**Exercise instructions**
Transcribe exactly the lines from the one containing "Reception area at" through the end of the data, both included. Leave out pictures.

Dataset items:
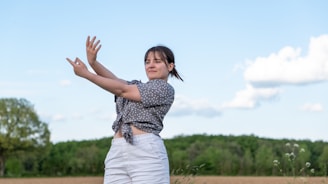 a woman is throwing a frisbee in a field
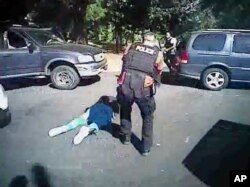 FILE - This image made from video provided by the Charlotte-Mecklenburg Police Department, Sept. 24, 2016, shows Keith Scott on the ground as police approach him in Charlotte, N.C., on Sept. 20, 2016.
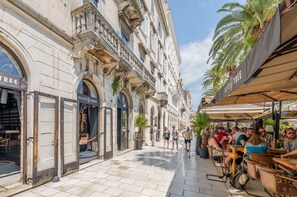 Calle con mesas al aire libre, palmeras y un edificio con tiendas.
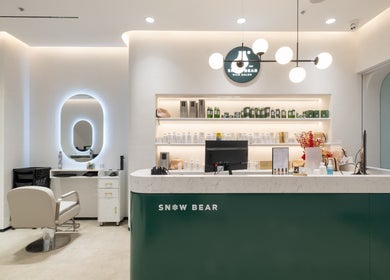 Reception area at Snow Bear Warringah Mall, Brookvale, New South Wales, AU showcasing sleek design and beauty products.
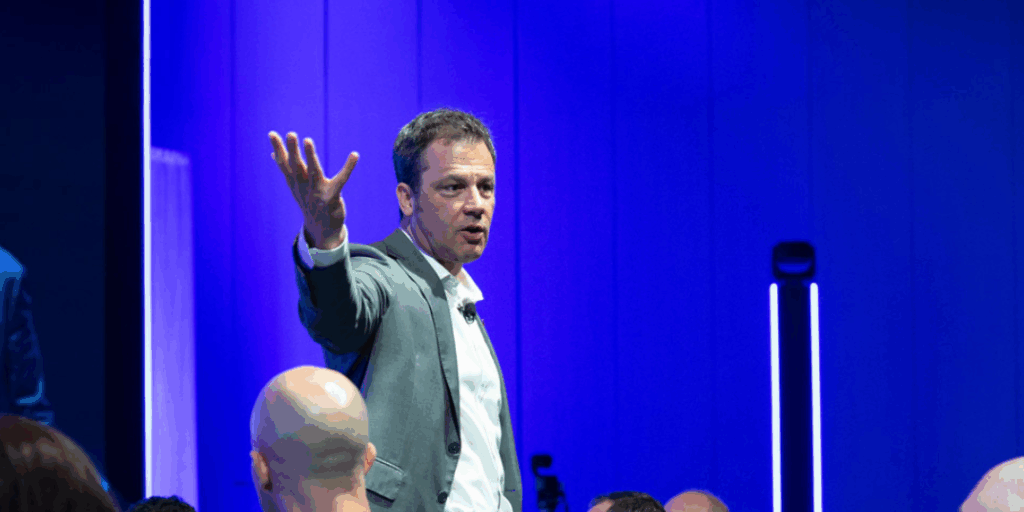 Ryan Estis speaking to a crowd.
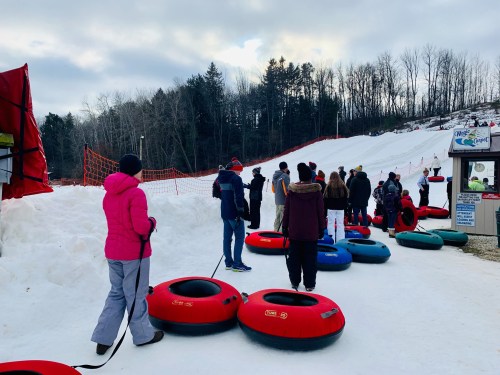 A group of people waiting in line with snow tubes at a winter tubing hill, surrounded by snow and trees.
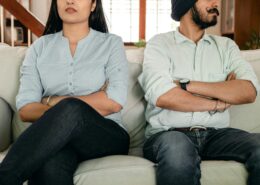 Couple sitting on a couch with arms crossed, showing tension during a difficult conversation, illustrating conflict resolution coaching.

**Written reply**
 Reception area at Snow Bear Warringah Mall, Brookvale, New South Wales, AU showcasing sleek design and beauty products.
 Ryan Estis speaking to a crowd.
 A group of people waiting in line with snow tubes at a winter tubing hill, surrounded by snow and trees.
 Couple sitting on a couch with arms crossed, showing tension during a difficult conversation, illustrating conflict resolution coaching.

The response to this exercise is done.